Frank Black acabou surgindo num clima “de exílio” que lembrava o do último disco dos Pixies – embora soe como um álbum de banda, coeso e bem composto. Eric e Frank decidiram deixar apenas uma cover no disco, a de Hang on to your ego, dos Beach Boys (a versão alternativa, só descoberta via relançamentos, de I know there’s an answer, do disco Pet sounds, de 1966). Como produtor, Feldman diz ter estruturado o disco em templates MIDI, de forma a que cada músico chegasse no estúdio, só gravasse sua parte, e desse no pé, sem crises.

O repertório novo surgia mais viajante, menos indie e mais voltado ao rock clássico e até ao country – este gênero já se insinuava em canções dos Pixies como Here comes your man. O principal hit, Los Angeles, soava como uma canção de Neil Young, só que pesada. A letra era “um poema de ficção científica com uma espécie de perspectiva de Blade Runner“, como diz Frank.

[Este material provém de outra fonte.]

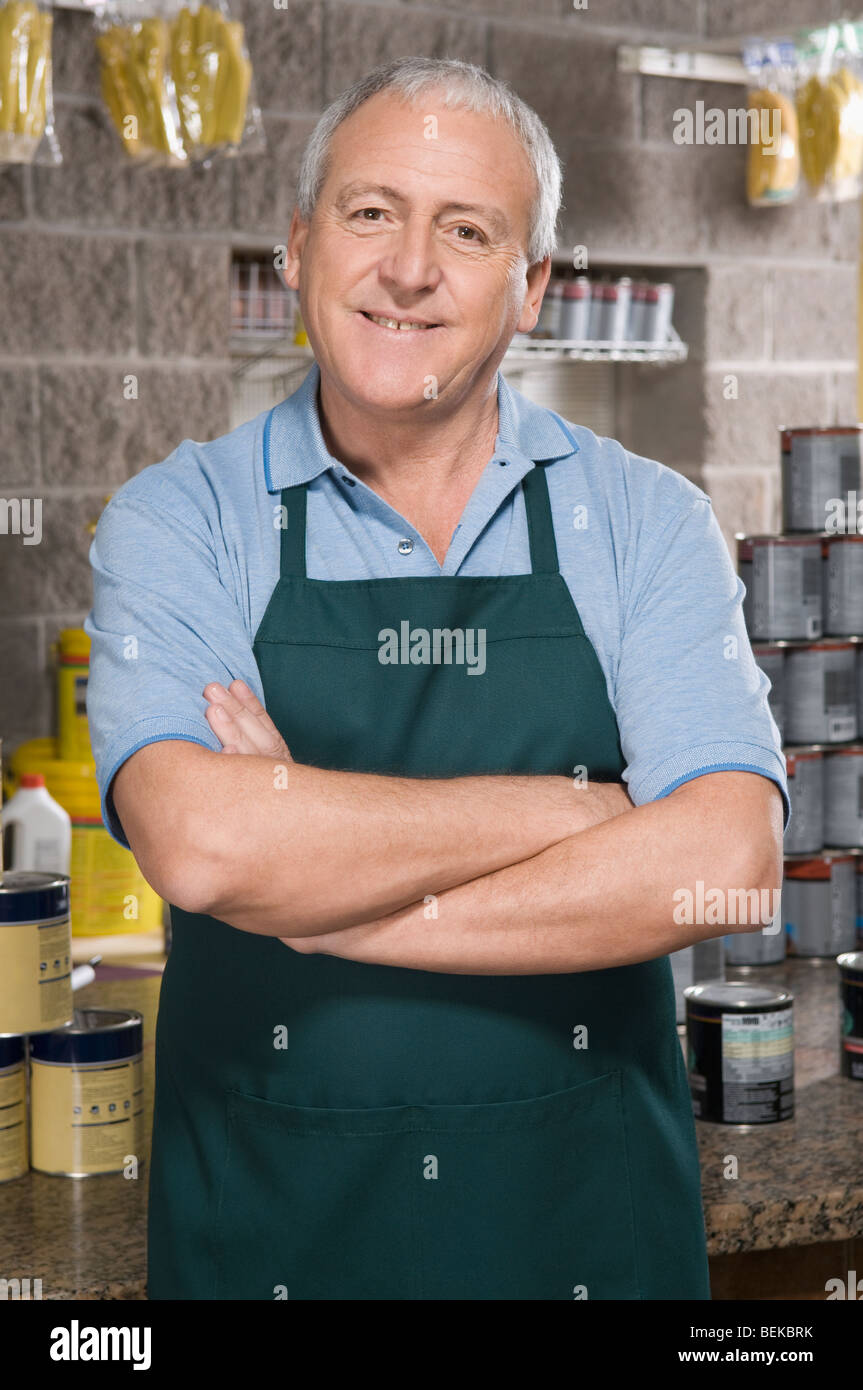 Portrait of a sales clerk smiling in a hardware store Stock Photo Alamy
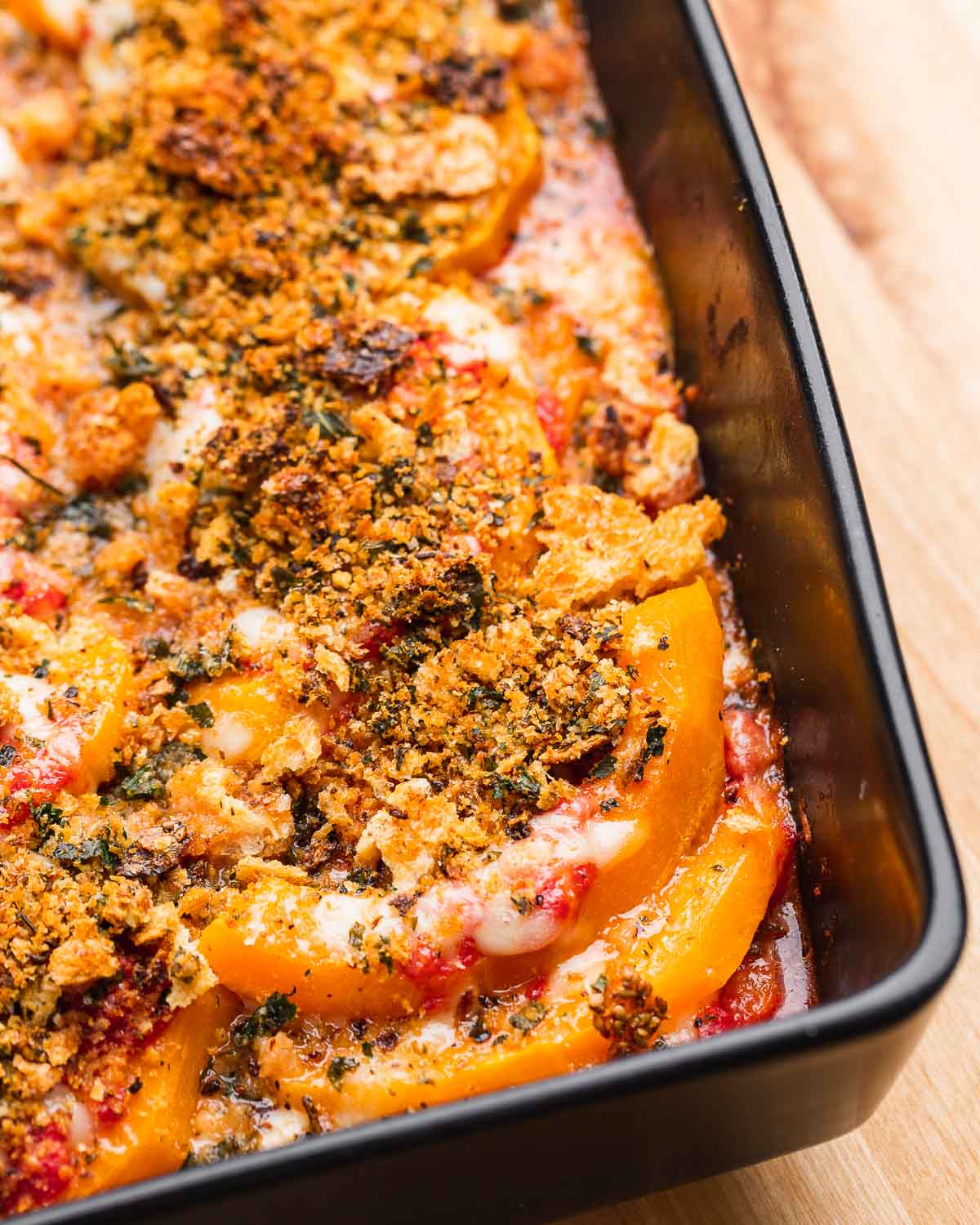 Butternut squash parmigiana in black baking dish.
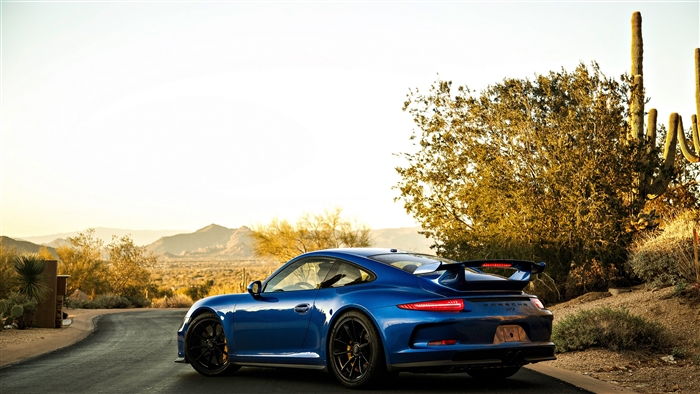 Blue Porsche 911 GT3 in a Desert Landscape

O clipe era quase um anti-clipe, dirigido pelo amigo John Flansbugh (da banda They Might Be Giants), misturando OVNIs, imagens de uma banda caracterizada como metaleiros-grunge da Bay Area, e Frank, com a maior cara de tédio, pilotando um hovercraft. Não era o tipo de clipe repleto de carisma, mas a música era maravilhosa, as imagens eram lindas e… aquilo era definitivamente um clipe de Frank Black.

Sonoridades associadas a Iggy Pop, velho ídolo de Frank, e a David Bowie, dão as caras em vários momentos do disco, como em Czar – uma estranha música sobre o cantor John Denver (1943-1997), que era piloto e havia, conta-se, recusado uma proposta da União Soviética para visitar o espaço. Ou em Ten percenter, glam-punk pauleira que é descaradamente uma homenagem ao ex-líder dos Stooges. “Estou tentando ser só um cara que vem de Ann Arbor”, diz a letra, citando a cidade natal de Iggy no Michigan. Já Parry the wind high, low, outra música bem direta sobre discos voadores (assunto que domina o disco, vale citar), é o lado filme de terror B do álbum.

O tom melancólico de canções como Adda Lee (feita para um ex-amor que havia morrido), I heard Ramona sing (curiosamente uma música em homenagem aos Ramones, mas com longa introdução repleta de solos de guitarra) e Places named after numbers (sobre corpos celestes nomeados com códigos) é cortado pela alegria da new wave espacial Two spaces e das surfísticas Old black dawning e Don’t ya rile ‘em. Ou pela tragicomédia da curta Brackish boy, história real sobre um conhecido mexicano que sofrera um acidente grave.

Frank Black foi o excelente começo de uma nova história. E é um grande disco. Muito embora todo mundo soubesse que aquilo daria em reuniões dos Pixies, viúvos e viúvas de Kim Deal (que já havia achado – muito bem, por sinal – seu lugar ao sol com a banda The Breeders) e incertezas na carreira solo.